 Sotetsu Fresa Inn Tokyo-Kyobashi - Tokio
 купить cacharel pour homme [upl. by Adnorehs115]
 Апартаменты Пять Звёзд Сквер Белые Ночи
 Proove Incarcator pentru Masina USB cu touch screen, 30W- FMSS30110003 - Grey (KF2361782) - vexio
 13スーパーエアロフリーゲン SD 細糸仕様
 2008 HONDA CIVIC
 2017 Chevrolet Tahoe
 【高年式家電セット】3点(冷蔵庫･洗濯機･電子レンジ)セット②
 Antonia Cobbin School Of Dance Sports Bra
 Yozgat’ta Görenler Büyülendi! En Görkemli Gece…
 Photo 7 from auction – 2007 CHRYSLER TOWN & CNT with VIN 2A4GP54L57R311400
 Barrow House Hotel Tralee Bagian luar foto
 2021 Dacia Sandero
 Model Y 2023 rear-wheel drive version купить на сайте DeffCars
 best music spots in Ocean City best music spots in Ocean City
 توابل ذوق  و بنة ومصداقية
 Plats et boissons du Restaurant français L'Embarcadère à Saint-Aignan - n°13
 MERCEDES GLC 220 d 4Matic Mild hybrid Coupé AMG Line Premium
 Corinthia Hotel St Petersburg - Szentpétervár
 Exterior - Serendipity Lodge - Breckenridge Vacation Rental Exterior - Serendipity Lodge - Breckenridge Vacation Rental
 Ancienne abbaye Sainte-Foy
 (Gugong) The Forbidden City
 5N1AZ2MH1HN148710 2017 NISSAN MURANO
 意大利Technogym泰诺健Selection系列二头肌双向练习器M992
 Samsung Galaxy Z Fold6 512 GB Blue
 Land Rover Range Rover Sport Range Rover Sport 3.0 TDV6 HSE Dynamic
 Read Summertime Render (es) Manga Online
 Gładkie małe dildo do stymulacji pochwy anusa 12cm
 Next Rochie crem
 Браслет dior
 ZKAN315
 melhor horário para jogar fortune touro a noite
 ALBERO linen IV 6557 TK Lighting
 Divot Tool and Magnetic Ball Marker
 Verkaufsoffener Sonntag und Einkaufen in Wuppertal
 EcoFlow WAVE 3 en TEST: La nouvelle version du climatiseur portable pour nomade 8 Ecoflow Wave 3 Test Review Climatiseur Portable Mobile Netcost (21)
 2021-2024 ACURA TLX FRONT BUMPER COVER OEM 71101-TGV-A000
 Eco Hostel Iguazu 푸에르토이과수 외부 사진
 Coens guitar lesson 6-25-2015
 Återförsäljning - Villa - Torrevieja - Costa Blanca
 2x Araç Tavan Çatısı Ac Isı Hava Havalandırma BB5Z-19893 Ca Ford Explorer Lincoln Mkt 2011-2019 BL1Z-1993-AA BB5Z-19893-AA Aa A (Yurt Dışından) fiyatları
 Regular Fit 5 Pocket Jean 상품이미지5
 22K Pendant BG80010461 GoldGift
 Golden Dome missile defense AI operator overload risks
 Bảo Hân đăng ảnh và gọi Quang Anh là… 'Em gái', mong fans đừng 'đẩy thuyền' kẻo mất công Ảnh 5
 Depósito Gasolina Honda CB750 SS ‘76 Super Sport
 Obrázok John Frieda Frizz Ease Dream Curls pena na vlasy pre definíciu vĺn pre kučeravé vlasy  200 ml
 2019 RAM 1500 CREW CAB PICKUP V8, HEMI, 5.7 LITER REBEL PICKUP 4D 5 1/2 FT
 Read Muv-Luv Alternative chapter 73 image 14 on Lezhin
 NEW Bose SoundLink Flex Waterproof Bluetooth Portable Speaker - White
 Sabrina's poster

■ **WHAT YOU ARE ASKED TO DO**: Set down the material above in full, keeping each line exactly as it is.

■ **TASK RESULT**:
 Sotetsu Fresa Inn Tokyo-Kyobashi - Tokio
 купить cacharel pour homme [upl. by Adnorehs115]
 Апартаменты Пять Звёзд Сквер Белые Ночи
 Proove Incarcator pentru Masina USB cu touch screen, 30W- FMSS30110003 - Grey (KF2361782) - vexio
 13スーパーエアロフリーゲン SD 細糸仕様
 2008 HONDA CIVIC
 2017 Chevrolet Tahoe
 【高年式家電セット】3点(冷蔵庫･洗濯機･電子レンジ)セット②
 Antonia Cobbin School Of Dance Sports Bra
 Yozgat’ta Görenler Büyülendi! En Görkemli Gece…
 Photo 7 from auction – 2007 CHRYSLER TOWN & CNT with VIN 2A4GP54L57R311400
 Barrow House Hotel Tralee Bagian luar foto
 2021 Dacia Sandero
 Model Y 2023 rear-wheel drive version купить на сайте DeffCars
 best music spots in Ocean City best music spots in Ocean City
 توابل ذوق  و بنة ومصداقية
 Plats et boissons du Restaurant français L'Embarcadère à Saint-Aignan - n°13
 MERCEDES GLC 220 d 4Matic Mild hybrid Coupé AMG Line Premium
 Corinthia Hotel St Petersburg - Szentpétervár
 Exterior - Serendipity Lodge - Breckenridge Vacation Rental Exterior - Serendipity Lodge - Breckenridge Vacation Rental
 Ancienne abbaye Sainte-Foy
 (Gugong) The Forbidden City
 5N1AZ2MH1HN148710 2017 NISSAN MURANO
 意大利Technogym泰诺健Selection系列二头肌双向练习器M992
 Samsung Galaxy Z Fold6 512 GB Blue
 Land Rover Range Rover Sport Range Rover Sport 3.0 TDV6 HSE Dynamic
 Read Summertime Render (es) Manga Online
 Gładkie małe dildo do stymulacji pochwy anusa 12cm
 Next Rochie crem
 Браслет dior
 ZKAN315
 melhor horário para jogar fortune touro a noite
 ALBERO linen IV 6557 TK Lighting
 Divot Tool and Magnetic Ball Marker
 Verkaufsoffener Sonntag und Einkaufen in Wuppertal
 EcoFlow WAVE 3 en TEST: La nouvelle version du climatiseur portable pour nomade 8 Ecoflow Wave 3 Test Review Climatiseur Portable Mobile Netcost (21)
 2021-2024 ACURA TLX FRONT BUMPER COVER OEM 71101-TGV-A000
 Eco Hostel Iguazu 푸에르토이과수 외부 사진
 Coens guitar lesson 6-25-2015
 Återförsäljning - Villa - Torrevieja - Costa Blanca
 2x Araç Tavan Çatısı Ac Isı Hava Havalandırma BB5Z-19893 Ca Ford Explorer Lincoln Mkt 2011-2019 BL1Z-1993-AA BB5Z-19893-AA Aa A (Yurt Dışından) fiyatları
 Regular Fit 5 Pocket Jean 상품이미지5
 22K Pendant BG80010461 GoldGift
 Golden Dome missile defense AI operator overload risks
 Bảo Hân đăng ảnh và gọi Quang Anh là… 'Em gái', mong fans đừng 'đẩy thuyền' kẻo mất công Ảnh 5
 Depósito Gasolina Honda CB750 SS ‘76 Super Sport
 Obrázok John Frieda Frizz Ease Dream Curls pena na vlasy pre definíciu vĺn pre kučeravé vlasy  200 ml
 2019 RAM 1500 CREW CAB PICKUP V8, HEMI, 5.7 LITER REBEL PICKUP 4D 5 1/2 FT
 Read Muv-Luv Alternative chapter 73 image 14 on Lezhin
 NEW Bose SoundLink Flex Waterproof Bluetooth Portable Speaker - White
 Sabrina's poster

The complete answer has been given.